From Flush to Finish

It was the last morning of Gabby's (a 14-month-old 30 lbs. Spanish Water Dog - a relatively new breed to Minnesota if not the US) second 3-day trip to ND for pheasant hunting. The morning was unseasonly warm for the first weekend in November with a strong southerly breeze. We had had what experienced ND hunters might consider less than successful weekend, however being from MN and somewhat a beginner at pheasant hunting I was happy with the 3 birds in the bag and the number of opportunities we had had. We had just gotten done walking a tree line with nothing to show for it and were walking past a slough to get to the end and walk it back up wind. We were almost to the end when Gabby turned on a dime and headed in to the cattails. The next thing I knew there was the cackling of a flushing rooster. I turned and shoot, and the bird glided down into some tall grass about 50 yards down wind. As I reloaded Gabby and Tom took off down the field to hunt down the wounded bird.
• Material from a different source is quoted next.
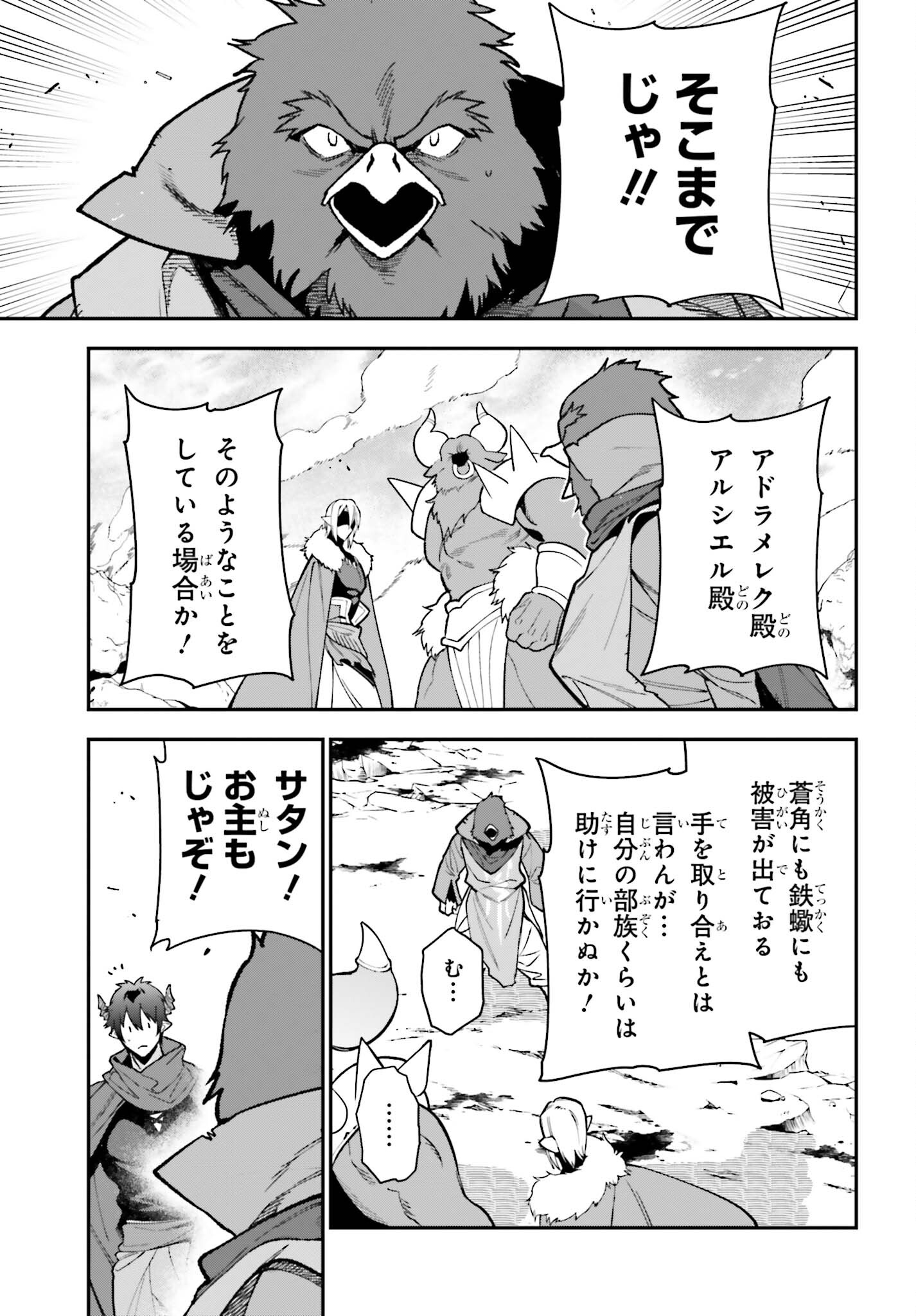 はたらく魔王さま! 第117話 - Page 6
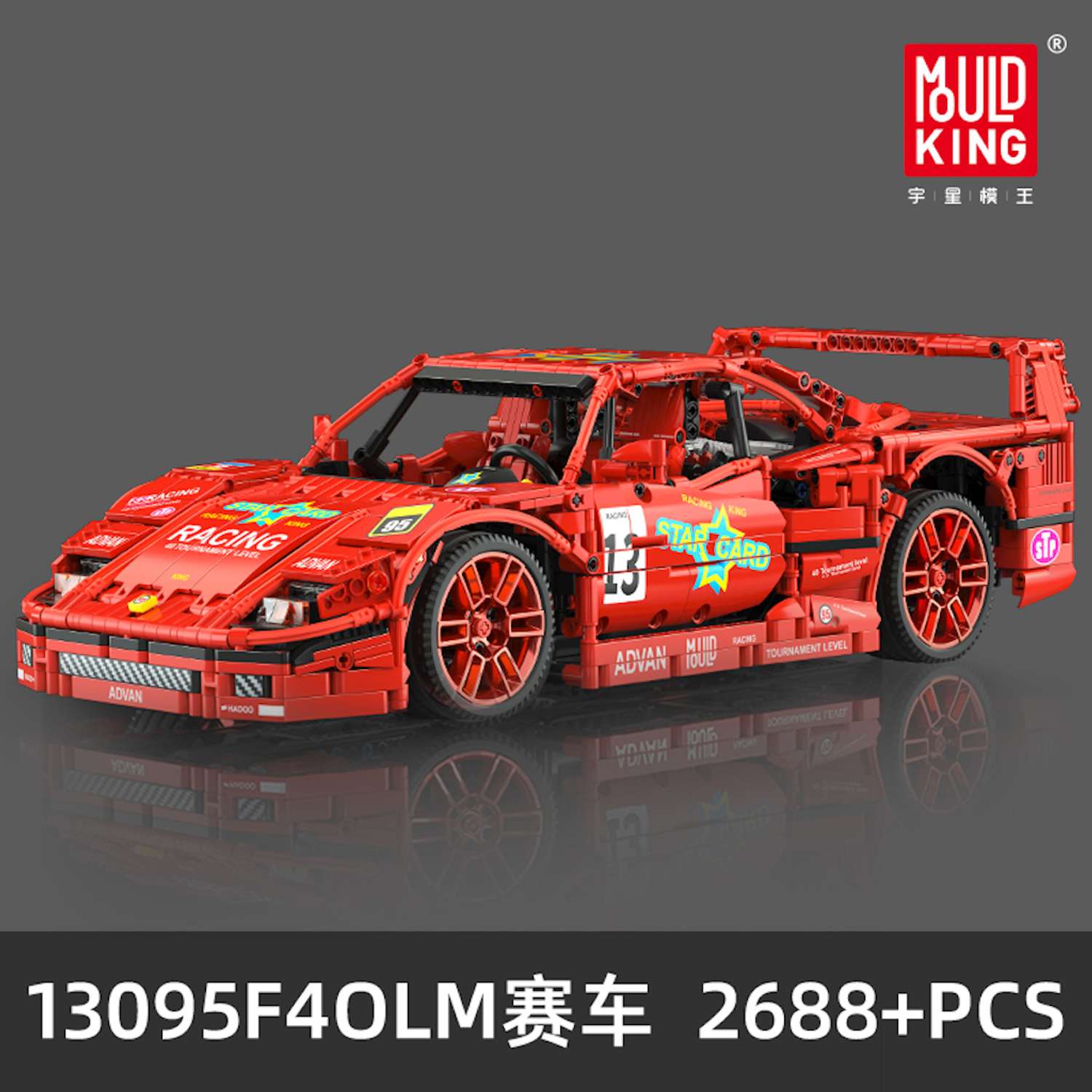 Конструктор Mould King Ferrari F40 LM 1:10 статическая версия без моторизации 2688 д - фото 12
Within seconds we were in the area the bird went down - and Gabby was hot. Then without notice the rooster took off running across the soy bean stubble towards the tree line with Gabby in hot pursuit. Gabby quickly caught up to the wily bird but didn't know how to open field tackle it, so, in to the tree line the two went. By the time we caught up to Gabby she was ¼ mile down the tree line, and I thought this bird had was going to live to see another day. However, to my surprise Gabby had cornered the bird in a pile brush at the end of the tree line. When I pulled that bird out from the brush I will never forget the look of anguish from the bird that knew he had lost and the look of accomplishment on Gabby's face for a job well done.


----------